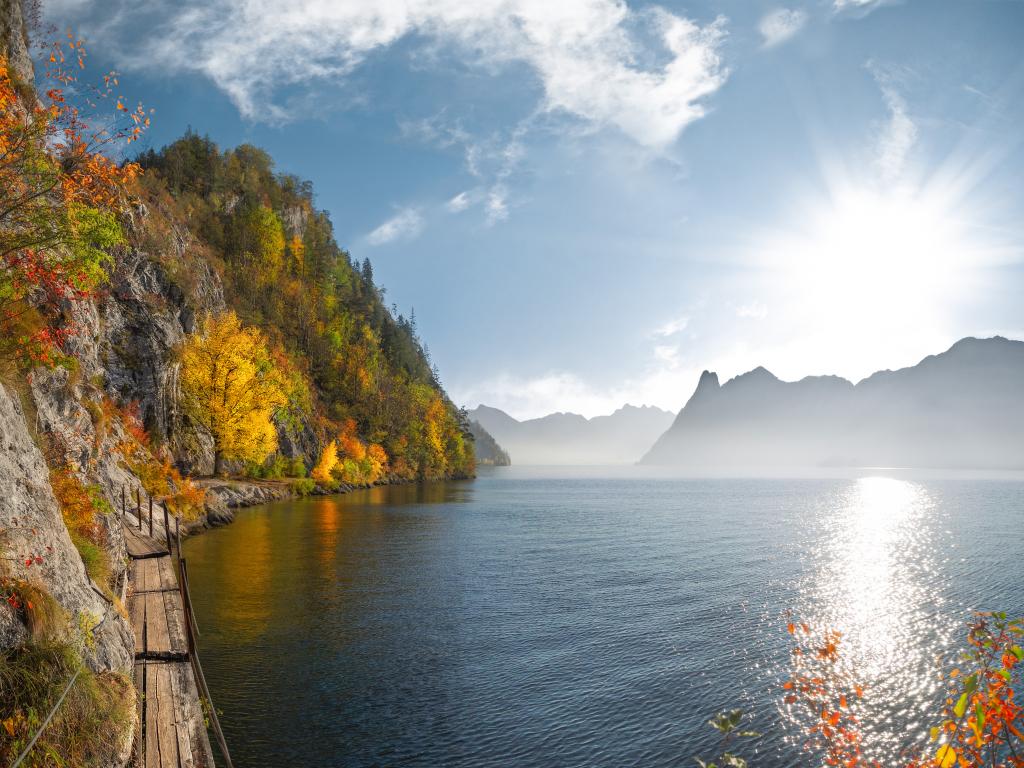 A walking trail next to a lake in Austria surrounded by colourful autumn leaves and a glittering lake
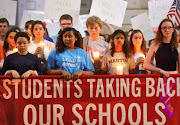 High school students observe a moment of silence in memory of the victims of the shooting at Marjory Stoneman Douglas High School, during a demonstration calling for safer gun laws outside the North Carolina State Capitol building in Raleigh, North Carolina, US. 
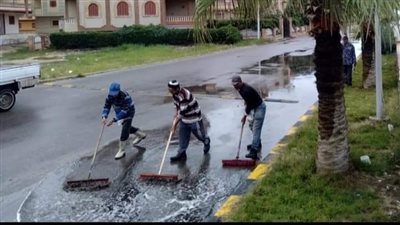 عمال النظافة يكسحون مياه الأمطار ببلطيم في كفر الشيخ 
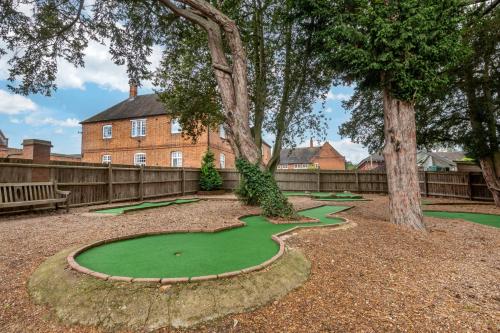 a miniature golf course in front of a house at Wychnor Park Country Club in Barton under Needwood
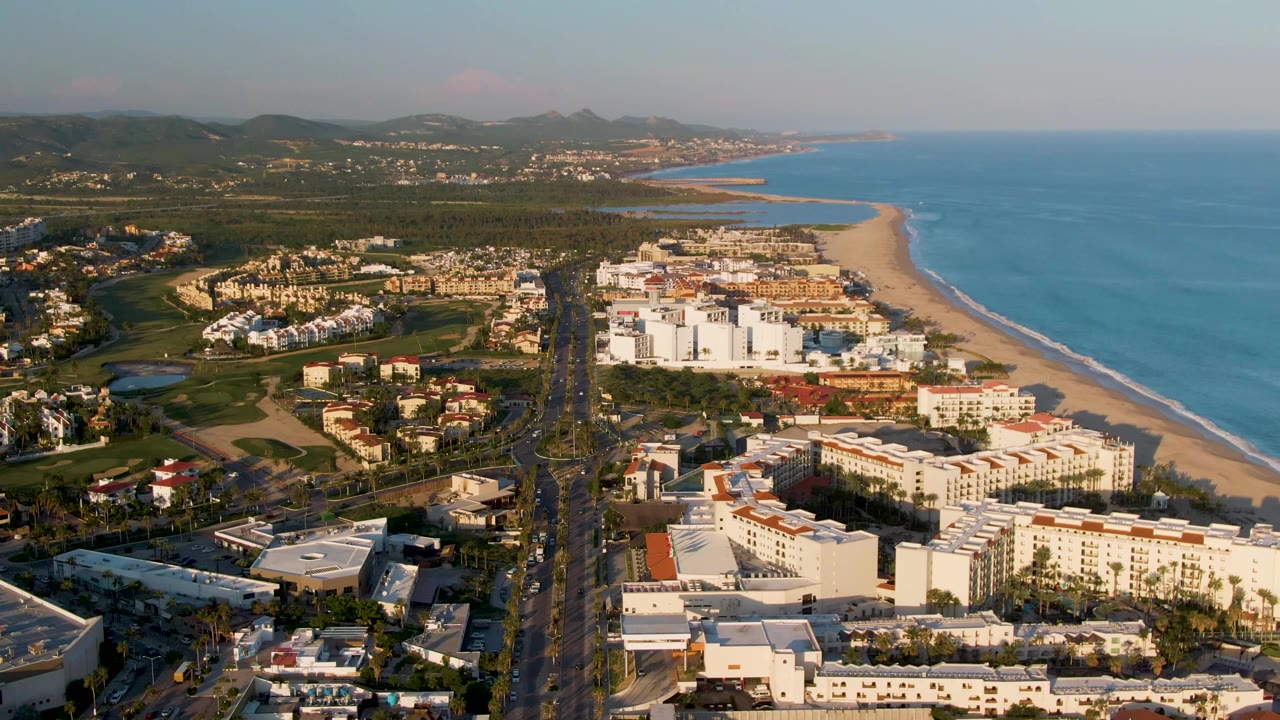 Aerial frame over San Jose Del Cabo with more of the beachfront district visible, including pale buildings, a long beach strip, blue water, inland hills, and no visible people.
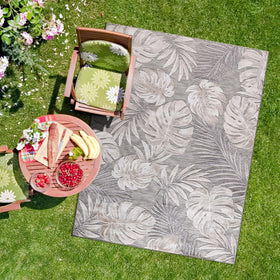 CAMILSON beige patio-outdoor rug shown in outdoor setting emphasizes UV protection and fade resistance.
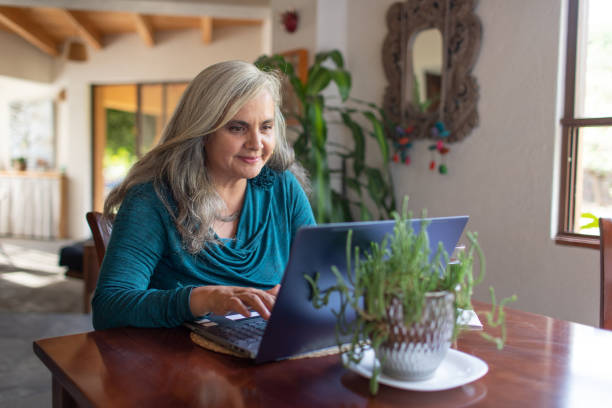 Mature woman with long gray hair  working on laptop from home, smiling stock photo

Your objective
Print exactly, and only, the lines from the line containing "a miniature golf" to the last line of the material above, with every picture left out.

Task result
 a miniature golf course in front of a house at Wychnor Park Country Club in Barton under Needwood
 Aerial frame over San Jose Del Cabo with more of the beachfront district visible, including pale buildings, a long beach strip, blue water, inland hills, and no visible people.
 CAMILSON beige patio-outdoor rug shown in outdoor setting emphasizes UV protection and fade resistance.
 Mature woman with long gray hair  working on laptop from home, smiling stock photo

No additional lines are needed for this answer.